“Pricing is all about setting the right perception.” – Neil Davidson, Don’t Just Roll the Dice Author
A pricing model is one of the business assumptions that changes the most.
The price you choose initially will certainly be wrong, but it won’t be final. You can mark this loss of profitability as a tax on learning.
Early on, your real goal with pricing is to make sure that money changes hands in sufficient quantity to validate that a business is worth building. Once you have that, you’ll work your way to a more just value-based price, based on the perceived or estimated benefit to the customer rather than the cost of the product.
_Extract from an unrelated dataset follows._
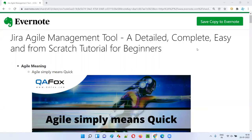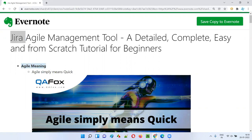Hello all, welcome to this session. I'm going to explain about one of the most popular agile management tools available in the market, that is Jira. To make your learning better and easy, I have divided this session into two parts. In the first part, I'll explain all the agile concepts required for understanding Jira better. In the second part, I will practically demonstrate this Jira tool for agile management.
Your pricing sets the value (or the perception of value) of your product. In the same way that luxury products use price to brand themselves above the market, B2B pricing determines who your economic buyer will be and sets the expectations for the Return on Investment (ROI).
Taleo, for example, used pricing to position its product as a high-end recruitment solution, pricing their products at a level that almost only large companies could afford.
But, pricing above market adds complexity to your Product-Market validation. In general, you should target budgets that your company feels comfortable pitching for.
If you were able to collect information about the purchase authority during the Problem interviews, you can already tell if your pricing will be within range or if you need to go higher up in the company.
In general, the lowest level of signing authority — the amount that can be purchased without asking for special approval — in a company is $500 to $1,000. If you’re priced just $1 too high, sometimes it requires the next level of management to sign off.
Example of Signing Authority in a Large Company
Companies have formal structures with many stakeholders controlling budget to avoid fraud.
Based on their roles, levels and responsibilities, the people you’ll interact with may have very different signing authorities ranging from $500 to $25,000 and above. Selling above the signing authority of your prospects typically complicates and prolongs sales cycles.
Beware, start with one product, one benefit and one pricing model before you start thinking about how it should evolve. Early on, it’s usually best to keep things simple.